Assignment: Whenever a line of the entries below holds the string "default", copy that line and return it.

** Input for this task follows **

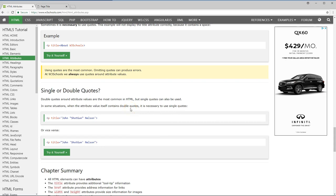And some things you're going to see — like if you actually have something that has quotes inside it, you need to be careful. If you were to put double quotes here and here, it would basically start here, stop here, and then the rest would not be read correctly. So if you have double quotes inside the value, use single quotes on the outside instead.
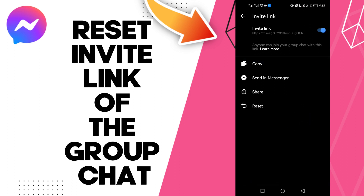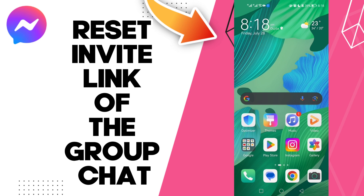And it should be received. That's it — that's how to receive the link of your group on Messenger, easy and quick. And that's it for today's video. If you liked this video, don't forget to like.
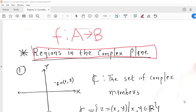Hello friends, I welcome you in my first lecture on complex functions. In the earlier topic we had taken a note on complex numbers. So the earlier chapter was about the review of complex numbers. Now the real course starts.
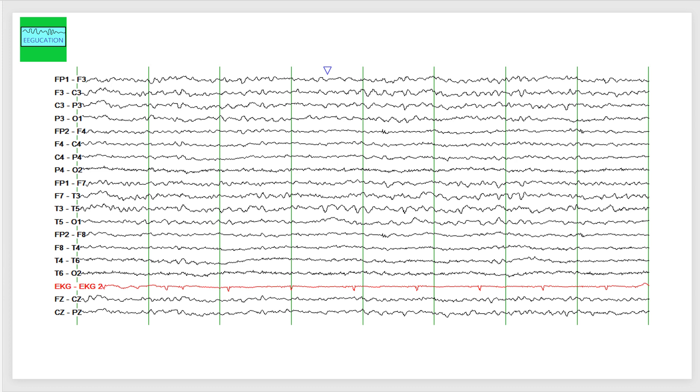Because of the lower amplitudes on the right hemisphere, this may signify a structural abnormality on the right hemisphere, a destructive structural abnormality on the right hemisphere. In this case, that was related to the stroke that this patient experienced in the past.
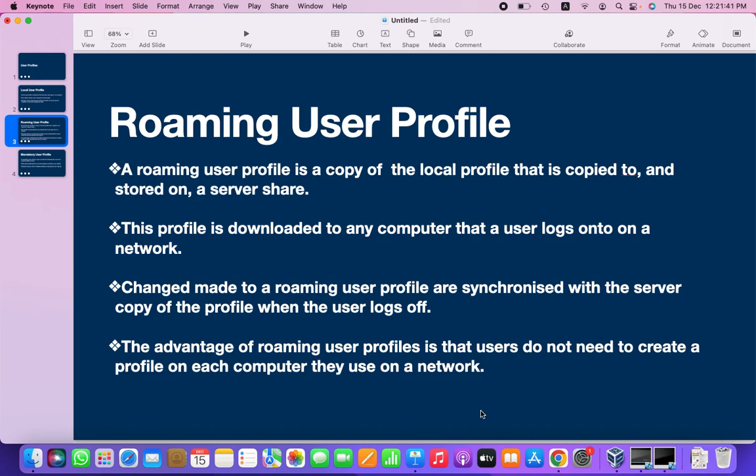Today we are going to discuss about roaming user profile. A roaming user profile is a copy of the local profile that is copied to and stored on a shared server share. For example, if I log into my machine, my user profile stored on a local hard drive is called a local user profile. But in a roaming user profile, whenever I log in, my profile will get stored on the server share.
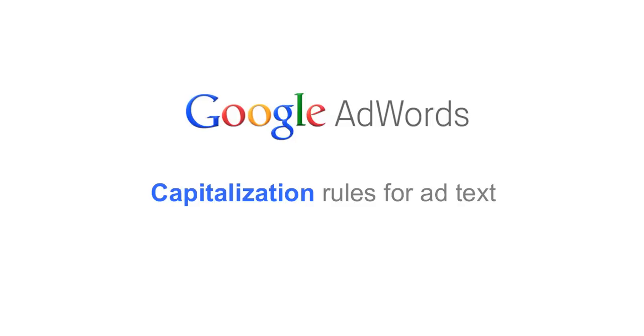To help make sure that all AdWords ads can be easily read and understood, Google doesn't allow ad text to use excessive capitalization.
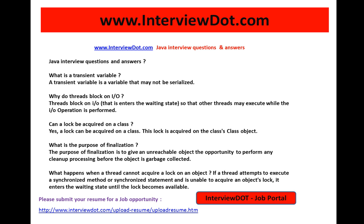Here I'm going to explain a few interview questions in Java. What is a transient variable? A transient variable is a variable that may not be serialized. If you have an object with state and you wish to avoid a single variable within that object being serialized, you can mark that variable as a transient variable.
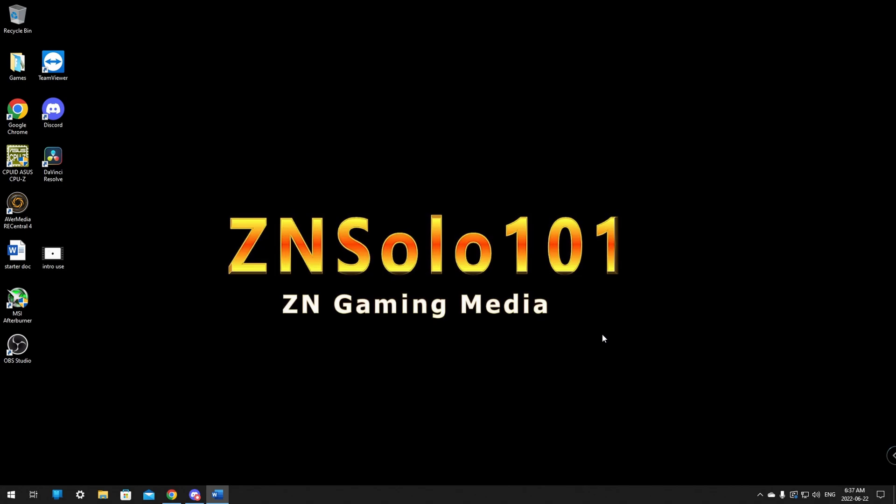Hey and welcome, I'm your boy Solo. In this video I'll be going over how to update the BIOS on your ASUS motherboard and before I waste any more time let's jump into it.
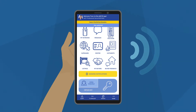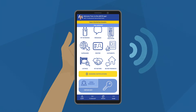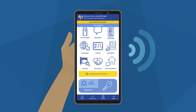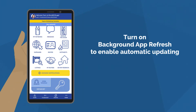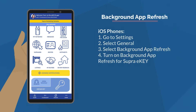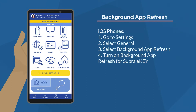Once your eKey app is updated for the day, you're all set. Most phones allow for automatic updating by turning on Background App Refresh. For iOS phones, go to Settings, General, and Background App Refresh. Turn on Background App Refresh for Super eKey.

** End of Input for this task **
** Input for this task follows **

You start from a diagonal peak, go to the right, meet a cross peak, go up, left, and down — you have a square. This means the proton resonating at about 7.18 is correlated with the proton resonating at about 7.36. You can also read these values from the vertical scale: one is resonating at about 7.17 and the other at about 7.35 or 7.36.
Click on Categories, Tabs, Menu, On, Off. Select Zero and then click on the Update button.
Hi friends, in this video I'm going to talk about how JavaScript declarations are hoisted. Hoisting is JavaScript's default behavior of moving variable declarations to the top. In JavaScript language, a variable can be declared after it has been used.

** End of Input for this task **
** Input for this task follows **

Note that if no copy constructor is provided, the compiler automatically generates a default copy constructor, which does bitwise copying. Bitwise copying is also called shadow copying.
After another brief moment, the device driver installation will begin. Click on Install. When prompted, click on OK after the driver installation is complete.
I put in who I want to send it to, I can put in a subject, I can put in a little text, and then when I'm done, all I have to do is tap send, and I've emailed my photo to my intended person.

** End of Input for this task **

Task output:
Hi friends, in this video I'm going to talk about how JavaScript declarations are hoisted. Hoisting is JavaScript's default behavior of moving variable declarations to the top. In JavaScript language, a variable can be declared after it has been used.
Note that if no copy constructor is provided, the compiler automatically generates a default copy constructor, which does bitwise copying. Bitwise copying is also called shadow copying.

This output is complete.